1.2 LARGE PROJECTS
This section explains the scope of this book, what a "large" project
is, and why we are interested in such projects.
We use the term large project interchangeably with serious project.
What determines whether a project is "serious" or not? Does it mean that
some C++ styles are not good for such projects? The answers to these two
questions determine the scope of this book.
Serious projects are intended for some commercial, scientific, or industrial
use. This means that the software must be solid and free of bugs, and
that it will have to be supported over a long period of time.

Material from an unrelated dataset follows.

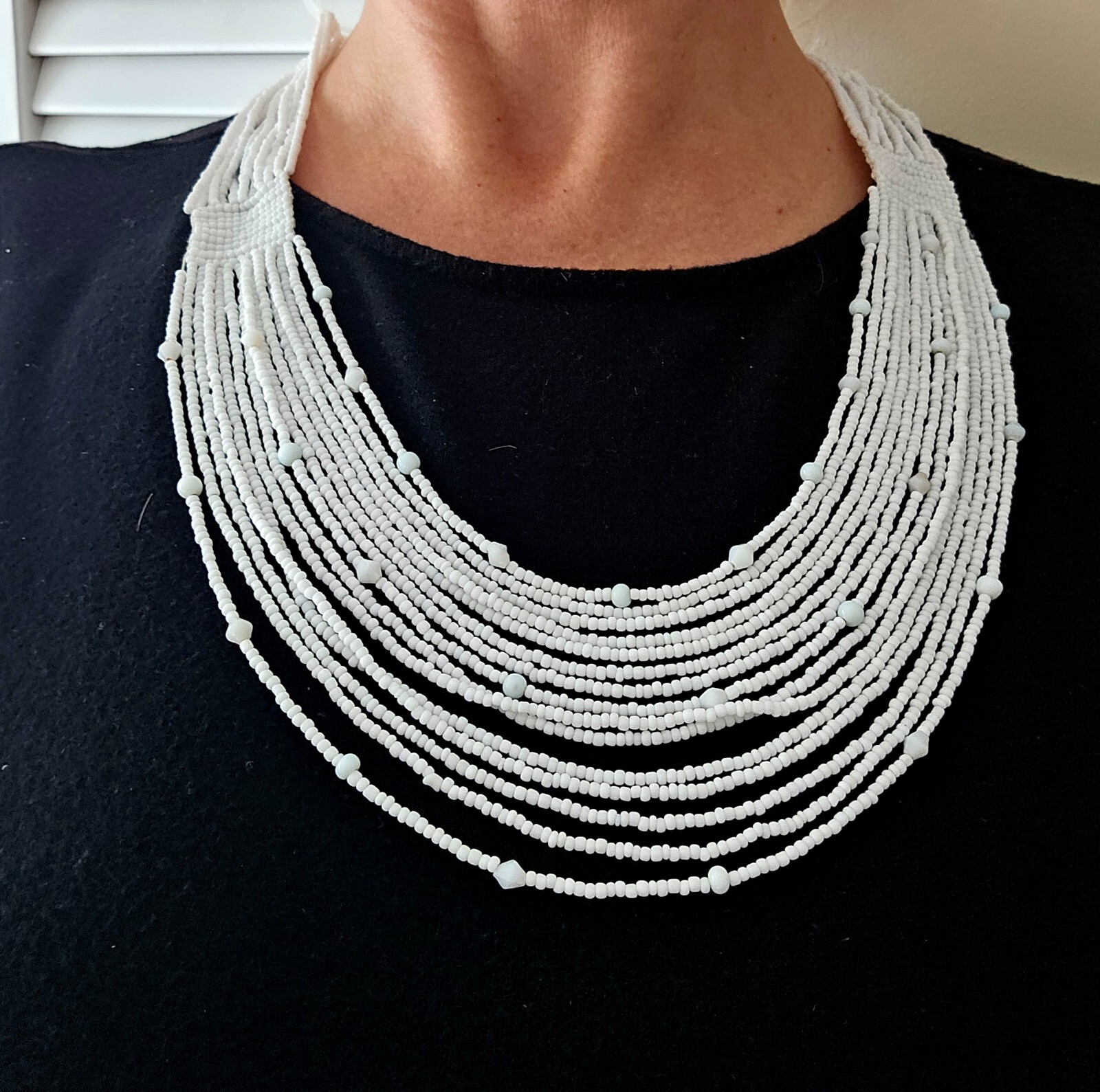 Multi Strand White Beaded Statement Necklace - image 1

It is well known that most software cost is in maintenance, not in code
development. In that'sense, serious software is almost synonymous with
maintainable software. Software is easy to maintain if it has clear internal
organization, if it consists of modules that can be tested independently,
and if it has logic which is easy to understand for a new programmer assigned
to the project.
Most textbook examples of C++ are not serious projects. Textbooks usually
do not show all of the details needed for production-type software, and
the examples which they contain are not designed for long term maintenance
and support.
Serious projects are usually fairly large in size because they reflect
real life, which is never simple. The size of the problem naturally adds
to the complexity of the software. The existence of many mutually interacting
classes may seriously impact the complexity and maintainability of software.
When considering large projects, how you divide the project between
individual programmers, how these individuals interact, and how the resulting
code is updated are often more important than the programming style. When
hundreds of programmers work simultaneously on the same project, the probability
of a software error due to miscommunication or due to uncoordinated updates
is greatly increased.
Note that this book is concerned with programming techniques and C++
style, but it does not discuss the required project organization and management.

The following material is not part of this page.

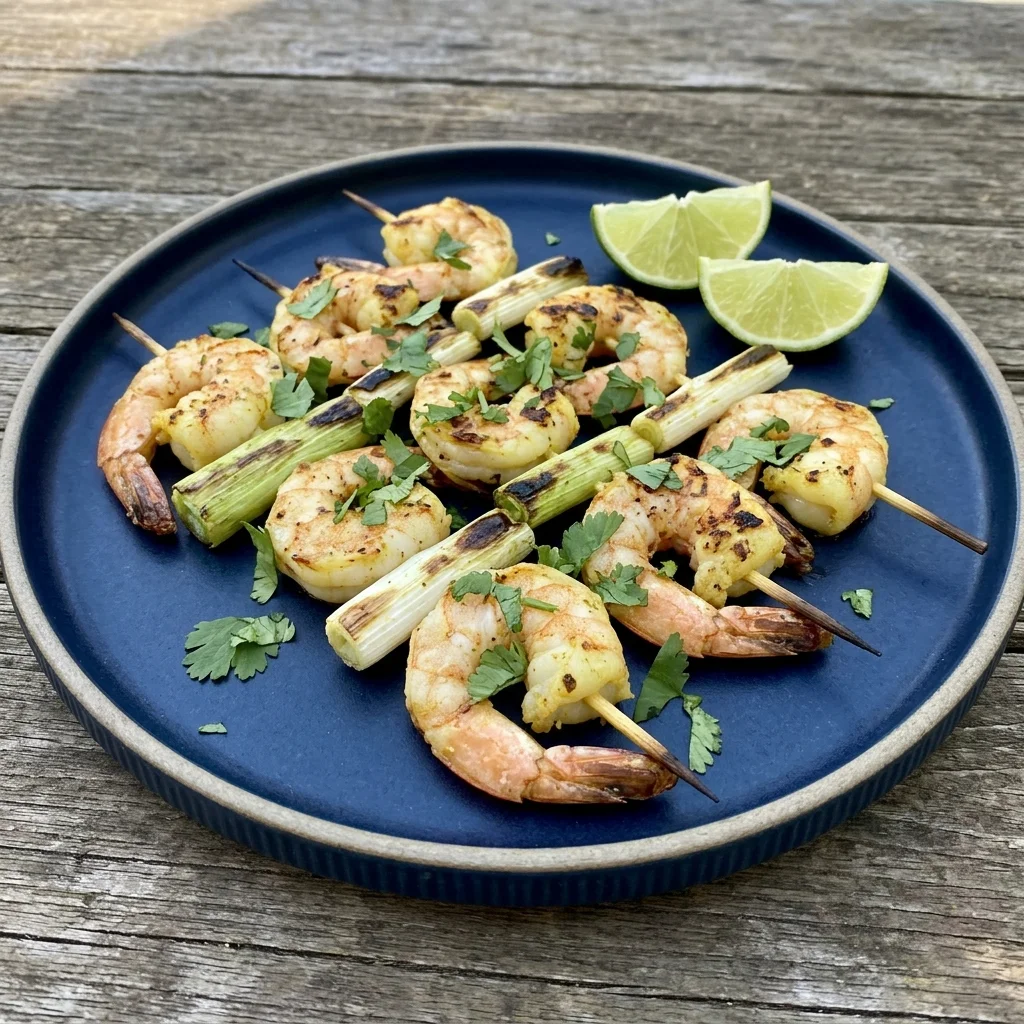 Ginger-Scallion Shrimp Skewers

The problem of how to manage large object-oriented projects is currently
being researched at many places, and all new CASE tools are trying to
address this issue.
Since this book is about large programs, it contains program listings
which are generally longer than customary in textbooks. Long program listings
can make a book boring and difficult to read, but without documenting
the new techniques with fully operational code, a text could fall into
the same trap as many C++ books_that of distorting the picture by pretending
that the problems are simple and the code is short, while this is not
the case.
When comparing sizes, we can divide software projects into three categories:
- Small projects are typically coded by a single person over a period
of up to several weeks. These projects are simple enough that, with
relatively little effort, one person can understand (and carry in his/her
head) the entire logic of the program.
- Large projects, usually coded by a small group (3 - 10 programmers),
contain many files. Some large projects may be developed by a single
person over a long period of time (for example some C++ compilers);
other projects may require the cooperation of more than 10 people. Large
projects typically contain 10,000 - 100,000 lines of code, and are beyond
the mental capacity of a single programmer. On the other hand, the communication
among subprojects and individual programmers is not so complex that
it would become a major design issue. A typical example of a large project
is a VLSI layout system.
- Large software systems are typically designed by an army of programmers,
and often involve millions of lines of code. At this level, the design
of individual classes and coding style are less critical. System architecture,
project management, version control, database design, and other systematic
issues are more important. For example, a telephone switching system
is a large software system, and may comprise 5 million lines of code.
The programming techniques discussed in this book will help you regardless
of the size of your project. If you violate the recommended principles on
a small project, your project will be more complex but, most likely, still
within a manageable range. For a large project, however, the new techniques
are very important; without them, a project may fail before being completed,
or may be found unmaintainable latex For large systems, project organization
may be of bigger importance than software architecture of individual modules.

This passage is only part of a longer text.